5. Commit to finding ways to release the heavy, burdensome energy stored in your body. A massage therapist can help you physically relax and he/she can help your body release stored energy and memory that no longer serves you. If you are living in a cold climate… consider a massage with hot stones on a cold winter day. Work with a Reiki master, a Craniosacral therapist or any other energy worker. At the very least, the physical touch will be healing.
6. Commit to spending quiet time with yourself every day – to simply BE with yourself and your new life. If you have to force yourself to be quiet and alone for five minutes – do it. If you keep running from yourself and your new life, how can you live it? How can you consciously participate in it? Your own life. Pray. Meditate. Ask. Listen. Receive. Allow. Surrender. Feel. Cry.
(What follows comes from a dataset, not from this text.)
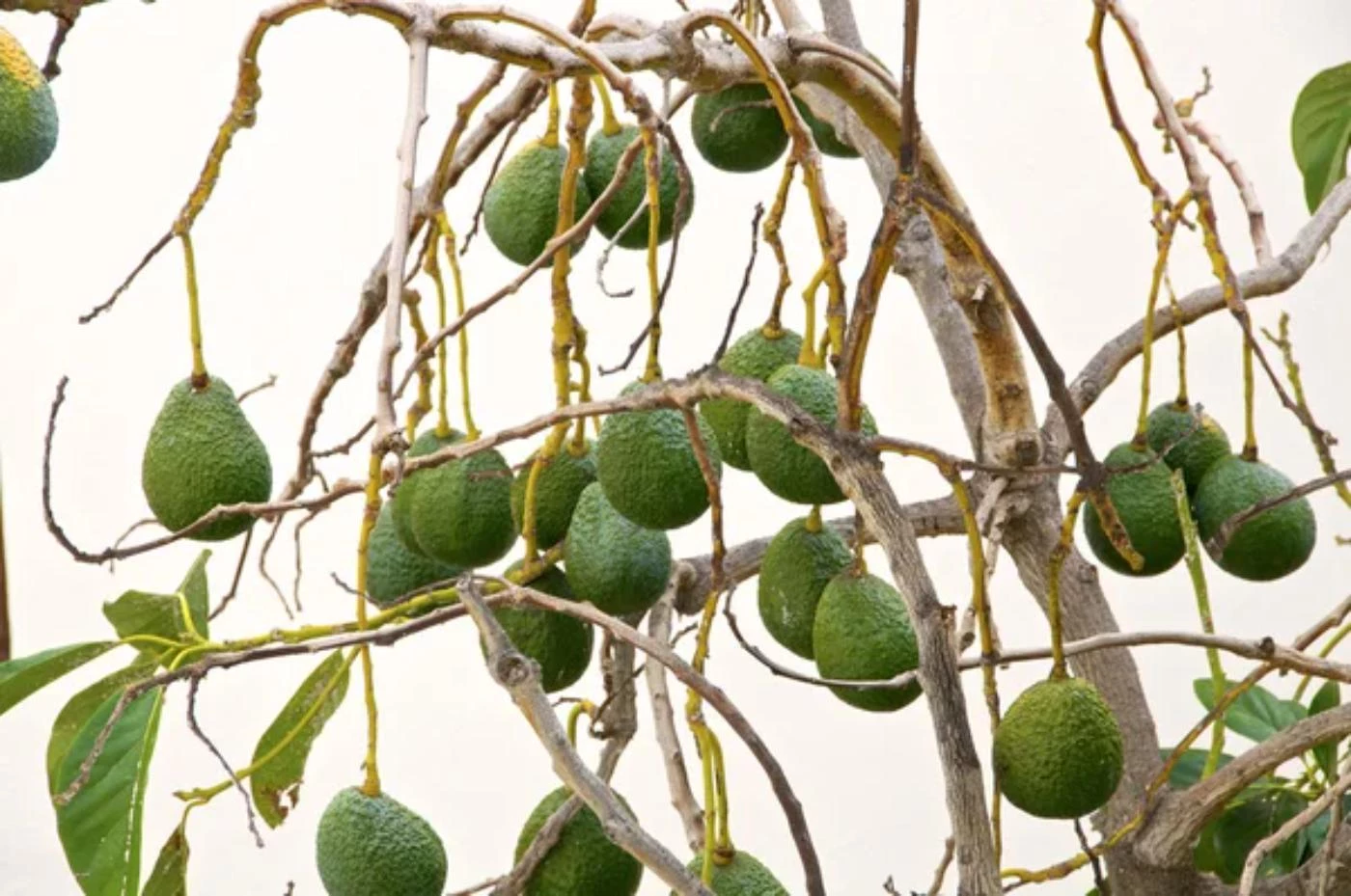 How Long Does It Take for an Avocado Tree to Bear Fruit? 🐝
7. Commit to writing in a gratitude journal every day. First thing in the morning or last thing at night. Write 5 things you are grateful for every day. Every day.
8. Commit to asking and answering life’s fundamental questions. Questions such as: Is there a God? If so, what is he/she/it/they? What happens to people when they die? Do they still exist? Where are they? Is the person I love who died still aware of me? Can he/she communicate with me? What role did “God” play in my beloveds’ death? Then listen. Listen as the answers bubble into being. As you heal, these answers may change. Be open to change.
9. Commit to identify and question all your beliefs that are causing you pain. Unless you want to marinate in pain. You, and only you, get to decide what you believe. It’s your unexamined beliefs that are causing you great pain. Beliefs that may include: “He shouldn’t have died. She died too young. I could have saved him. I will never be happy again. Life is no longer worth living.” Replace these painful beliefs with life-affirming beliefs.
10. Commit to being gentle with yourself. Really gentle. Trusting life enough so that you are willing to create new dreams takes time. Lots of time. Healing is a process. It’s a journey. Be gentle.
As this New Year unfolds… set the intention to heal. Set the intention to consciously participate in your own transformation.
Commit to a plan.
A New Year. A New Life. The life you were born to live. Starting now.